So I'm rolling my ass off and I'm just gonna kmeep typing I hope no one I know irl sees this but I guess someone probably will. So today was st patricks dsay parade and we all got drunk but later when we went out again after I ate broccoili casserole and sausages with my grandparents and we went out and bought five good rolls and went and sat in the basement of this building. Now I've rolled a few times before. I've had some good pills and some pipes and methbombs once, but the first time I tried x I had a few lines of pure molly. Fortunately this tasted the same as the drip from that did so I new it was good. I guess this might be turning int a trip report now... So I've been feeling rather depressed for a while and I have a lot of anxiety, to the point that it really interferes with my weed high. To deal with all this I've been taking benzos and thery can give me this deep feeling of inner goodness, feeling as if it was the way I was meant to be. I really love benzos, but they are not a solution. They take away my an xiety and deprssion temporarily and make me feel really good, but they don't solve a lot and I always need more. Tonight, on MDMA, though I feel like only the first time I rolled. I think it has made∑ me figure out how to love myself again and reappriceate life and everyone and everything in it. I was sitting on a bus that's been part of my routine for years and I just realized how much I love that bus. I sit there spilling my coffee on myself every morning and afternoon looking at these people I don't really know but see everyday. That bus ride is my daily meditation and I realzied that feeling so happy on the bus. I even told the busdriver how much I loved the bus. Now I have a reason to get up in the morning again. INstead of waking up feeling awful I'll wake up knowing I can go sit on the bus feeling like I'm rolling. I might want to write more but my attention has shifted somewhere so peace all. <3 MDMA e: wow I'm back I chased 5-10mg of JWH-018 and some kif from my grinder a few minutes back. i jast went to the most wonderful place but I'm back on the amazing internet, the global village of etards I've used quite a few drugs, opiates and benzos and all for escape, psychadelics for exloration, etc, but nothing compared to a really good roll in terms of fixing yer brain. Except now I've got a little headache so I'll take a bit of this huge ball of acetominophin from codeine axtractions. yay pills!
that's awesome you had such a good roll. Quality MDMA is pretty amazing. No other substance provides such positive self analysis of your relationships and life while still keeping your ego fairly grounded.
I'm glad you had a life changing experience on MDMA, it's what everyone needs every once in a while imo. A nice good roll night to explore your inner self.
Yeah. I've still got two more so i want to try rolling with someone I love now. I'm not sure if it's a good idea though. My gf and I smoke sometimes but she's not nearly as into drug culture as me. She's had some bad reactions to drugs and is on seroquel. And by bad reactions I mean really crazy emotional reactions.
I had a small but a bit messed up roll tonight with some dealing chaos but some of the people I was rolling with are trying to have a big mdma trip tomorrow.
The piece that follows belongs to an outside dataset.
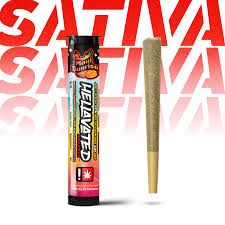 Maui Sunrise Infused Pre-roll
I still wanna do a bit. Should I be fine with some 5htp or 4hydroxysomething in the morning and a low dose? Also has anyone heard of 1,3 dimethylamylamine? I have a mixture of that random mild stimulant and some seretonin replenishing substance. I was thinking of takign some of that to make my seretonin more balanced+ make the roll better. it's a bit jittery though.
Well we took some b12, 5htp and something my frtiend said to be seretoninergenic and help with mdma and split up a bit more than a gram of mdma. It was a bit weak but we had some rolls, got kemo weed, hash and edibles and cooked all my food. Was alright, but no more E for a while for me.